**Try it**
Below are some records; output exactly the lines from the line with "John_Drewry_Bapt_1696.jpg" to the line with "Preview: JP 1880", both ends kept, and nothing more.

**Material for this task**
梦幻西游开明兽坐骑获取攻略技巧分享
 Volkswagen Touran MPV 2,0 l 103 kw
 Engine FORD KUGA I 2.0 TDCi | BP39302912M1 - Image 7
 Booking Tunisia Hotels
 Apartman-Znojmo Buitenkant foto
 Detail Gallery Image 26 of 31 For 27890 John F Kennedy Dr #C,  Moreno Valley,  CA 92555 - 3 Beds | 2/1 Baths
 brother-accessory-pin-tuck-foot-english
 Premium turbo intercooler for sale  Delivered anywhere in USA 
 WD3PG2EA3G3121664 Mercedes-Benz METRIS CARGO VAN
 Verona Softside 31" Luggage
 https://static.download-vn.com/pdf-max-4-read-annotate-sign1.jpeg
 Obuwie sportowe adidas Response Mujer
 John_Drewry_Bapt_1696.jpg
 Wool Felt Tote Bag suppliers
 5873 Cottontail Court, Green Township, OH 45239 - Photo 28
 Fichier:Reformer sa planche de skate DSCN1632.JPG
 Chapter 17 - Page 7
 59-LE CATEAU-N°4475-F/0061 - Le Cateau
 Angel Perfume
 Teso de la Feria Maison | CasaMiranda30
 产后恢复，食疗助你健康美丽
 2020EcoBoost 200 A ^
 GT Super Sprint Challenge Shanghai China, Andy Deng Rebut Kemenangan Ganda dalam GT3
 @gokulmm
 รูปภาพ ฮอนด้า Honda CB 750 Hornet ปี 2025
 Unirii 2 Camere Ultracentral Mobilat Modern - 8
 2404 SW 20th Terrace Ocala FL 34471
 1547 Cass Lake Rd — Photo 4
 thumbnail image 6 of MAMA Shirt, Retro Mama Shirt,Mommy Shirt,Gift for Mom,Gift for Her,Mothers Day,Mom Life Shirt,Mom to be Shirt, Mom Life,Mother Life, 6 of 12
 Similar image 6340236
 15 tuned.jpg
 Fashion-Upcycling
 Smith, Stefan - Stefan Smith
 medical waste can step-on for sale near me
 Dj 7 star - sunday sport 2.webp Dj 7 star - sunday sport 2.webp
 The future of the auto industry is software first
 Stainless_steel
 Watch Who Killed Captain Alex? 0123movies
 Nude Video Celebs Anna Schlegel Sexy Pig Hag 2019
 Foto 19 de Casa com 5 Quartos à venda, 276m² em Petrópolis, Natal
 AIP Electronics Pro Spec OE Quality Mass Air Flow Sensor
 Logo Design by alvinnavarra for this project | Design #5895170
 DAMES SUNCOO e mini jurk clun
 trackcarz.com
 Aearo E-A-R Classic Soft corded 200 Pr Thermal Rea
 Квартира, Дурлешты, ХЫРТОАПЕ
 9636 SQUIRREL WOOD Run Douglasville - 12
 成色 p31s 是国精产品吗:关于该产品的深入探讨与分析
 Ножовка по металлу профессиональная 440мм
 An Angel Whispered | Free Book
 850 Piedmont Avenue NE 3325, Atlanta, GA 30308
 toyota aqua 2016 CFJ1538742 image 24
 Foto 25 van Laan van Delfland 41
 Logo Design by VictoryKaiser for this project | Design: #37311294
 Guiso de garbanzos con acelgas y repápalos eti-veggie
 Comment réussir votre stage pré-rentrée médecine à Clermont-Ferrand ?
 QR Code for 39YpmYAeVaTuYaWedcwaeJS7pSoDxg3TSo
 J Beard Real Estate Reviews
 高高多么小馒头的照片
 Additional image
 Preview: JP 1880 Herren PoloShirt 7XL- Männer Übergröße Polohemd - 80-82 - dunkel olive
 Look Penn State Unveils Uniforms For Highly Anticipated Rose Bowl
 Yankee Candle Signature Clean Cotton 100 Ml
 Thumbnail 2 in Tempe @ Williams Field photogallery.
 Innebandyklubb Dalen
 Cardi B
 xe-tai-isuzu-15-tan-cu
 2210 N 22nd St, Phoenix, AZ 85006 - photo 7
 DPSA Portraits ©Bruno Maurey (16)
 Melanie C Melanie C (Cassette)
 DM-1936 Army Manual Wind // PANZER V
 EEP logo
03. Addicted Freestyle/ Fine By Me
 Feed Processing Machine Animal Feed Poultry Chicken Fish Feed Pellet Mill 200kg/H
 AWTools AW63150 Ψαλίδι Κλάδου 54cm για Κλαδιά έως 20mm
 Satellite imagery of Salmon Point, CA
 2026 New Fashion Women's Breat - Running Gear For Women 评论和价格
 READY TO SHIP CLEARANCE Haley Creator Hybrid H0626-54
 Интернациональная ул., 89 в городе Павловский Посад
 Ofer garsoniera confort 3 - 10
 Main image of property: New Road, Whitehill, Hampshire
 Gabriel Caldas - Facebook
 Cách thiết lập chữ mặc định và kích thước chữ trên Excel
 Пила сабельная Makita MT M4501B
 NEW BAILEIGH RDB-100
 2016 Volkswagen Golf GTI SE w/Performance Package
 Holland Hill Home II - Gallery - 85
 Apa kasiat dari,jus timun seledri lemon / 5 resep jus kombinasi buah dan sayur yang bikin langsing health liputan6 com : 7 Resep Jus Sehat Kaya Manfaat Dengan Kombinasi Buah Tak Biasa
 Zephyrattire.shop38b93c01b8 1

**Solution for this problem**
 John_Drewry_Bapt_1696.jpg
 Wool Felt Tote Bag suppliers
 5873 Cottontail Court, Green Township, OH 45239 - Photo 28
 Fichier:Reformer sa planche de skate DSCN1632.JPG
 Chapter 17 - Page 7
 59-LE CATEAU-N°4475-F/0061 - Le Cateau
 Angel Perfume
 Teso de la Feria Maison | CasaMiranda30
 产后恢复，食疗助你健康美丽
 2020EcoBoost 200 A ^
 GT Super Sprint Challenge Shanghai China, Andy Deng Rebut Kemenangan Ganda dalam GT3
 @gokulmm
 รูปภาพ ฮอนด้า Honda CB 750 Hornet ปี 2025
 Unirii 2 Camere Ultracentral Mobilat Modern - 8
 2404 SW 20th Terrace Ocala FL 34471
 1547 Cass Lake Rd — Photo 4
 thumbnail image 6 of MAMA Shirt, Retro Mama Shirt,Mommy Shirt,Gift for Mom,Gift for Her,Mothers Day,Mom Life Shirt,Mom to be Shirt, Mom Life,Mother Life, 6 of 12
 Similar image 6340236
 15 tuned.jpg
 Fashion-Upcycling
 Smith, Stefan - Stefan Smith
 medical waste can step-on for sale near me
 Dj 7 star - sunday sport 2.webp Dj 7 star - sunday sport 2.webp
 The future of the auto industry is software first
 Stainless_steel
 Watch Who Killed Captain Alex? 0123movies
 Nude Video Celebs Anna Schlegel Sexy Pig Hag 2019
 Foto 19 de Casa com 5 Quartos à venda, 276m² em Petrópolis, Natal
 AIP Electronics Pro Spec OE Quality Mass Air Flow Sensor
 Logo Design by alvinnavarra for this project | Design #5895170
 DAMES SUNCOO e mini jurk clun
 trackcarz.com
 Aearo E-A-R Classic Soft corded 200 Pr Thermal Rea
 Квартира, Дурлешты, ХЫРТОАПЕ
 9636 SQUIRREL WOOD Run Douglasville - 12
 成色 p31s 是国精产品吗:关于该产品的深入探讨与分析
 Ножовка по металлу профессиональная 440мм
 An Angel Whispered | Free Book
 850 Piedmont Avenue NE 3325, Atlanta, GA 30308
 toyota aqua 2016 CFJ1538742 image 24
 Foto 25 van Laan van Delfland 41
 Logo Design by VictoryKaiser for this project | Design: #37311294
 Guiso de garbanzos con acelgas y repápalos eti-veggie
 Comment réussir votre stage pré-rentrée médecine à Clermont-Ferrand ?
 QR Code for 39YpmYAeVaTuYaWedcwaeJS7pSoDxg3TSo
 J Beard Real Estate Reviews
 高高多么小馒头的照片
 Additional image
 Preview: JP 1880 Herren PoloShirt 7XL- Männer Übergröße Polohemd - 80-82 - dunkel olive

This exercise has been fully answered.